In an industry characterized by tradition, tough economic realities have seen luxury watchmakers looking to innovate.

Parmigiani Fleurier's Tonda PF Chronograph Mysterieux has a chronograph that is hidden until a button is pressed, described as a "world first."

Last year was a difficult one for many luxury brands. According to the Federation of the Swiss Watch Industry, 2025 was a “year of significant uncertainty,” with exports down for the second year in a row.

Some analysts framed it as a correction to the post-pandemic boom, but economic realities have seen luxury watchmakers looking to innovate, in an industry characterized by tradition.

Ilaria Resta took over as CEO of Swiss watchmaker Audemars Piguet at the end of 2023, just as the market “started changing significantly in comparison to the post-Covid era, where there was this euphoria to buy anything luxury,” she told CNN at the Watches and Wonders trade show in Geneva last week.

She pointed to the impact of China’s economic problems, the rising cost of gold, and US tariffs. “It was really a perfect storm of lots of things happening,” Resta said.

“That was a challenge, but at the same time, it was a blessing in disguise,” she added. “It was a moment of pause and reflection, of, ‘how do we evolve in the next few years?’”

Adopting AI

Audemars Piguet (AP) sells watches ranging from around $30,000 to well over $300,000. The company celebrated its 150th anniversary last year and legacy is key to its image. “Our founders refused to embrace the industrial revolution approach,” Resta said. “They refused to industrialize the production process, which means producing and touching every watch by hand.”

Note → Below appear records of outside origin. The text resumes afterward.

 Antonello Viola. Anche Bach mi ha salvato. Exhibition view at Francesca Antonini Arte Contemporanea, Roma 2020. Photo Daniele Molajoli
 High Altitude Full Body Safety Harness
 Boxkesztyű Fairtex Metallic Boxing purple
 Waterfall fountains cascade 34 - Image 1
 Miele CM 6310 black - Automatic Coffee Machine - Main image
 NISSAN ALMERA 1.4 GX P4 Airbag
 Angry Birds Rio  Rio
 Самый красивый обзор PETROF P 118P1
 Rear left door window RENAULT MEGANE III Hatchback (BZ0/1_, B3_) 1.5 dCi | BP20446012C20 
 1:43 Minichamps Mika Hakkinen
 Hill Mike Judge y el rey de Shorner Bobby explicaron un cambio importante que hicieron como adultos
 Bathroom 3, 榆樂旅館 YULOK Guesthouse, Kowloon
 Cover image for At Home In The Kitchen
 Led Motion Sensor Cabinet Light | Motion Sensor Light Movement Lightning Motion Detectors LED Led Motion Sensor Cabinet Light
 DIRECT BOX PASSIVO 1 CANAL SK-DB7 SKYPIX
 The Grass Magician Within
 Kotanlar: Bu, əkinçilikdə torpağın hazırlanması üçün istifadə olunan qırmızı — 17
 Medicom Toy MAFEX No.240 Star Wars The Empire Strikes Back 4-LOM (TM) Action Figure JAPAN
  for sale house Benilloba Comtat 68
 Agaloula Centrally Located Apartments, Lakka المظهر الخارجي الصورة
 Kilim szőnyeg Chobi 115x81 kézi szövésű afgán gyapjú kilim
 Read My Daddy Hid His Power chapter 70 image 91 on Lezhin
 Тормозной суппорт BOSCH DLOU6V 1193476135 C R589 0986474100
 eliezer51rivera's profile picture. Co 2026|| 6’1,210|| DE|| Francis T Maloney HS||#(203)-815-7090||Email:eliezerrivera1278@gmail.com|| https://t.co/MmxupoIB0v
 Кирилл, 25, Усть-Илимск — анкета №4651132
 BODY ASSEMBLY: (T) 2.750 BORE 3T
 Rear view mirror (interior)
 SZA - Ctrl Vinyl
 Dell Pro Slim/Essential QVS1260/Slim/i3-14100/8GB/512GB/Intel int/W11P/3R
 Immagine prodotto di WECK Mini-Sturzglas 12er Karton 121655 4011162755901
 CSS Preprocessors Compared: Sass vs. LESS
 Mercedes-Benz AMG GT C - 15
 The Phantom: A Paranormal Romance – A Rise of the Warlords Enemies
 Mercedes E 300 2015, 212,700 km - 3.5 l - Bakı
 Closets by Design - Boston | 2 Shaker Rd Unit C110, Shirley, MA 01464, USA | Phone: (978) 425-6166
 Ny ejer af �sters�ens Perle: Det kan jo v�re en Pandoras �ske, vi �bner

Audemars Piguet is balancing innovation with classic designs.
Ilaria Resta is Audemars Piguet's first female CEO.

But Resta, the company’s first female CEO, says it’s important to not be bound by heritage. At Watches and Wonders, AP showcased the work of its “Fab Labs” — or Fabrication Laboratories — set up as a space dedicated to experimentation and research.

AP has even been embracing AI. “We service watches (even) from 150 years ago, and AI helps us to recover the design of the watch, the components of the watch. It’s a way also to have an inventory of the wealth of watches and complexity of watches,” Resta said. “In the supply chain, in restoration, in client services, AI is a fundamental tool.”

A recent Deloitte report surveyed 420 senior luxury brand executives who ranked AI and innovation in materials and production as the “most transformative forces shaping the (luxury) industry’s future.” More than 40% of luxury companies surveyed said they were implementing generative AI in selected areas and 12% were embedding it in “core functions across the most relevant areas of the organization.”

Out of this world innovation

British watchmaker Bremont is nearly 25 years old and started out making pilot watches. CEO Davide Cerrato says its youth gives it the freedom and independence to create designs that are “projected in the future.”

For its Supernova Chronograph, Bremont partnered with Astrolab, an American company that develops space rovers. When Astrolab’s FLIP rover explores the moon later this year, it will be carrying a Supernova watch, which will remain there with the rover, permanently.

“We will learn so much more about how (much) further we can push the limit of our technical watches and their durability and their resistance and their strength,” Cerrato said.

A watch from the Bremont Supernova Range on display Watches and Wonders, in Geneva.
Bremont CEO Davide Cerrato.

Swiss luxury brand IWC Schaffhausen is also looking to space, unveiling the Pilot’s Venturer Vertical Drive at Watches and Wonders. It’s intended to be used on Haven-1, which could be the world’s first commercial space station, and is expected to launch next year.

Simplicity

Celebrating its 30-year anniversary in Geneva, Parmigiani Fleurier, a Swiss brand worn by King Charles III, prioritizes a more discreet kind of luxury. Its Tonda PF Chronograph Mysterieux has a chronograph that is hidden until a button is pressed. It’s a simple concept but technically demanding to implement.

“We are … reinterpreting the chronograph function, which is the most important function in watchmaking, in a way that has never been done before,” said CEO Guido Terreni. “It appears when you need it and it disappears when you don’t need it.”

“Michelle Parmigiani, the founder, has always been about moving forward watchmaking,” Terreni added. “He refuses to believe that everything has already been done in watchmaking.”